PROBLEM TO SOLVE
Skip the pictures and retype exactly the lines from the one holding "Dining area with" through the end of the entries.

Caption-style text data
::::::::::

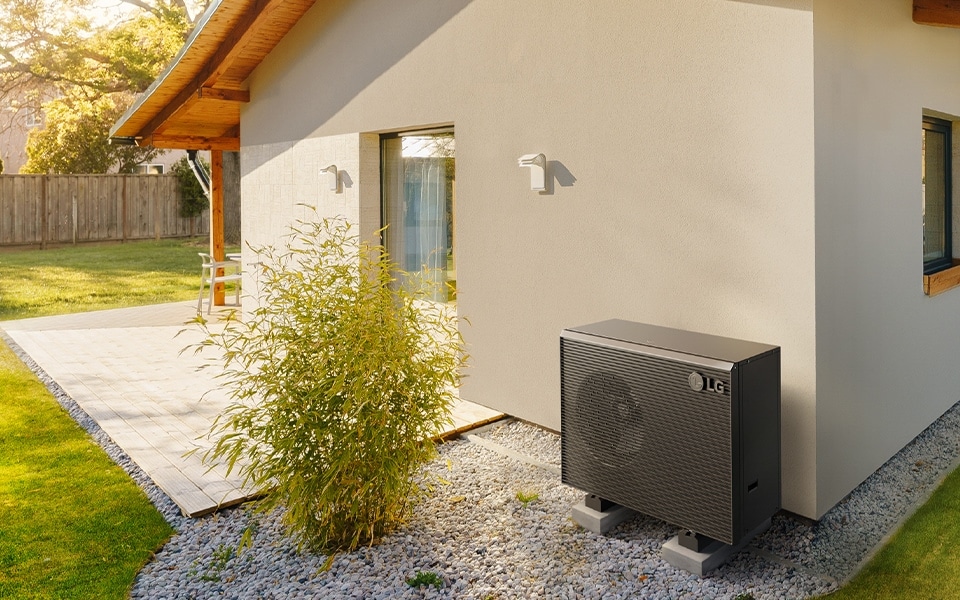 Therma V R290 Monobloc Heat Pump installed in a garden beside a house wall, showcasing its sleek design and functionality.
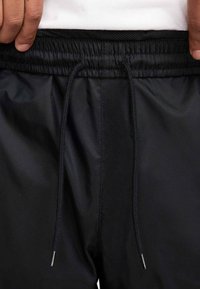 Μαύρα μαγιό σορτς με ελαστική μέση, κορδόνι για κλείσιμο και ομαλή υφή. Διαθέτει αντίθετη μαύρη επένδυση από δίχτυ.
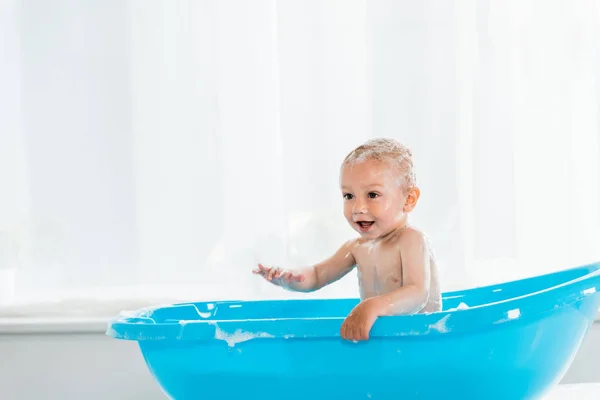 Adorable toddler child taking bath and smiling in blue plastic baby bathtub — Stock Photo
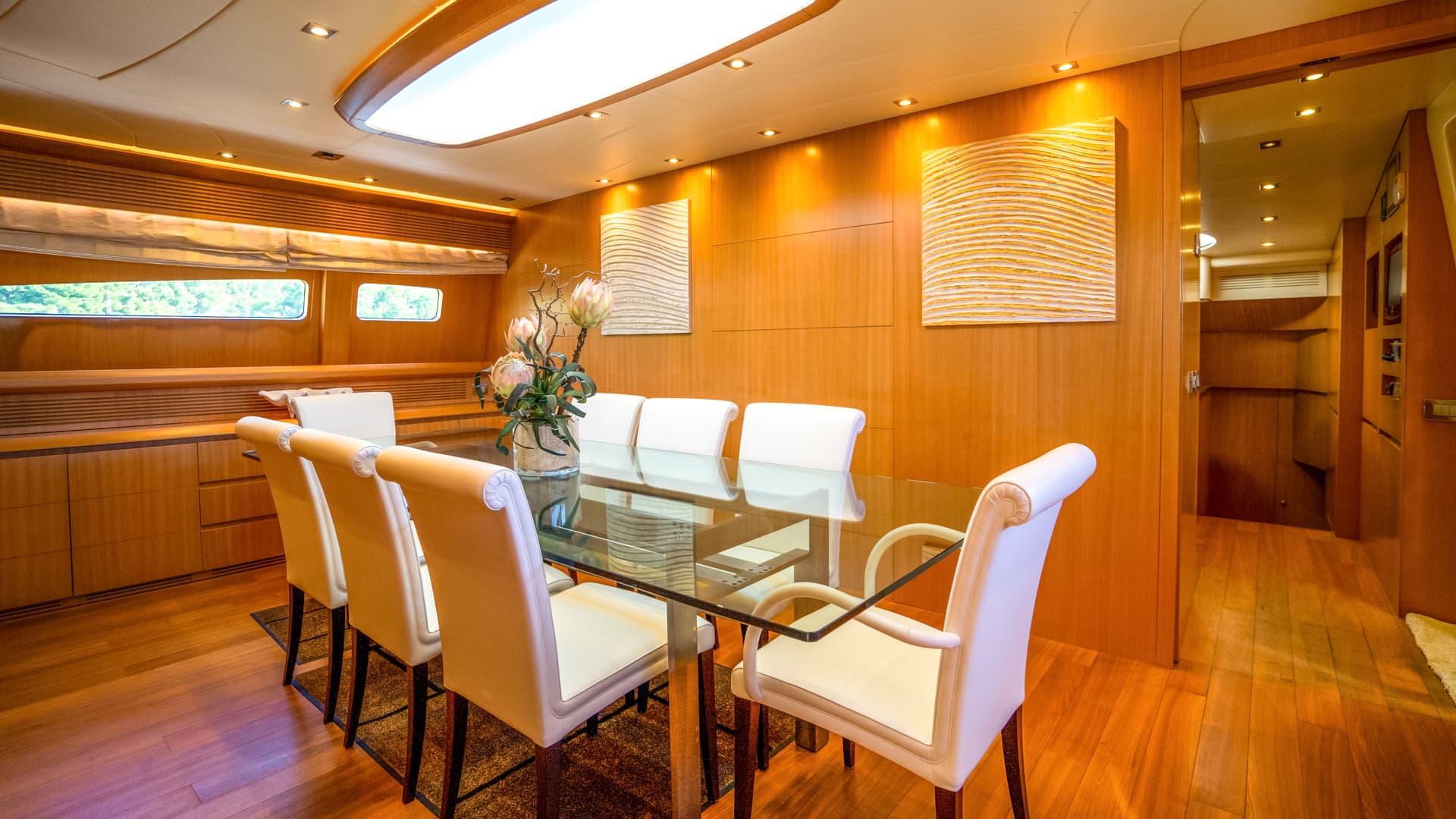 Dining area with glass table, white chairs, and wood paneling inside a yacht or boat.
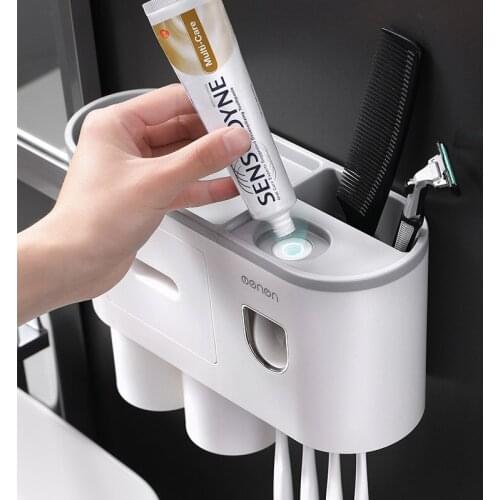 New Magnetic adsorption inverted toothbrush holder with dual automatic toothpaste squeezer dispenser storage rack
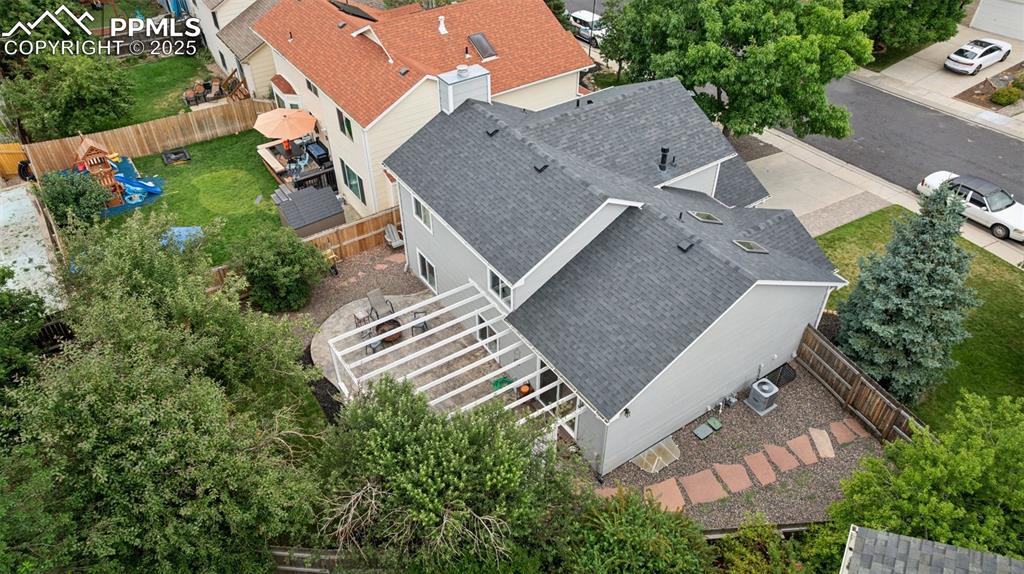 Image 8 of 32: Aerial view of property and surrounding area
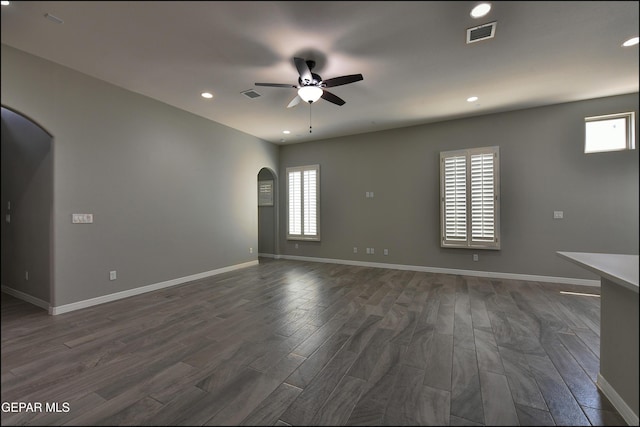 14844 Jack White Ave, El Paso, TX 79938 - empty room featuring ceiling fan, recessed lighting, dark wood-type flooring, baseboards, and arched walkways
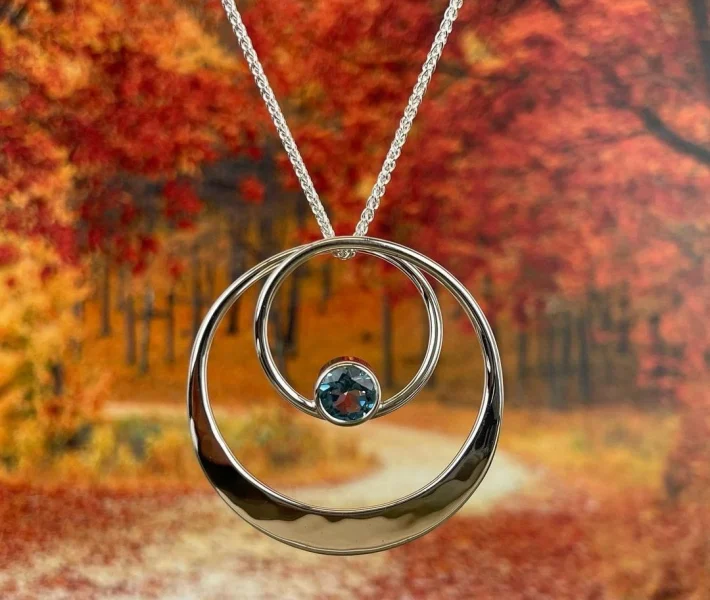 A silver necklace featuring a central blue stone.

::::::::::

YOUR RESPONSE
 Dining area with glass table, white chairs, and wood paneling inside a yacht or boat.
 New Magnetic adsorption inverted toothbrush holder with dual automatic toothpaste squeezer dispenser storage rack
 Image 8 of 32: Aerial view of property and surrounding area
 14844 Jack White Ave, El Paso, TX 79938 - empty room featuring ceiling fan, recessed lighting, dark wood-type flooring, baseboards, and arched walkways
 A silver necklace featuring a central blue stone.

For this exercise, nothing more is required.